‘Cardinal Charlie’: Classes of 1864, 1964 opened schools 100 years apart
Published 7:29 am Thursday, May 26, 2011
1929: Each week the Dowagiac Daily News had a full-page called High School News.
This was written and edited by the English Department at DHS.
Side Lights — a new member has been added to the high school faculty, namely David Francis Cargo.
He will reside at the home of Mr. and Mrs. Frances Cargo at 105 E. Wayne St. (and this is the house where my friends David and Jerry Cargo grew up in the 1930s).
Dowagiac High School students have had six buildings in over 106 years.
The building erected in 1856 was at the site of the Lyons medical center (our old kindergarten through 12th grade school in my time).
It burned down in 1859.
Classes were scattered all over town until two years later a two-story brick was built and opened in the fall of 1861 on the site of the burned one.
Something of interest, the graduation classes of 1864 and 1964 went into buildings 100 years part.
In the 1890s, two wings were added to the Union school and then became known as Central.
A new high school building of 14 rooms opened in the fall of 1903 (where Justus Gage is now) which had six grades.
The three-story Central Junior High opened in 1926. The old high school became Oak Street School. It was torn down in 1954.
1940: How many remember Al Capp’s “Lil Abner?” and the “shmoos” in his comic strip in the 1940s?
A dozen of these shmoos were sent by plane and dropped and dropped over Berlin.

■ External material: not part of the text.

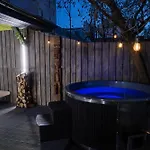 Apartment Bdsm Z Jacuzzi Duzym Tarasem I Balia Zewnetrzna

Each German who finds one can trade it for food at the CARE office in Berlin (my friend James Luthringer made up one of these shmoos out of gray clay with feathers and feet and I put it on display in the window of the old state liquor store in the old Elks building where Wounded Minnow is now).
Does anyone remember this?
August 1941: Fitch Camp at Cable Lake had an attendance of 120 kids. Treasure hunt prizes went to Betty Webster, Mary Ann O’Mara, Warren Stewart and Robert Mersereau Jr.
Jimme Biek has now passed his swimming test this week.
I read in one of the papers that Harley Gwilt helped build the Beckwith building and the Fred E. Lee home on High Street. He operated the elevator by using just horses for power.
George Melvin, 85, of Dowagiac, was given a gavel at the Michigan Millers Association at Hillsdale as being the oldest miller in Michigan.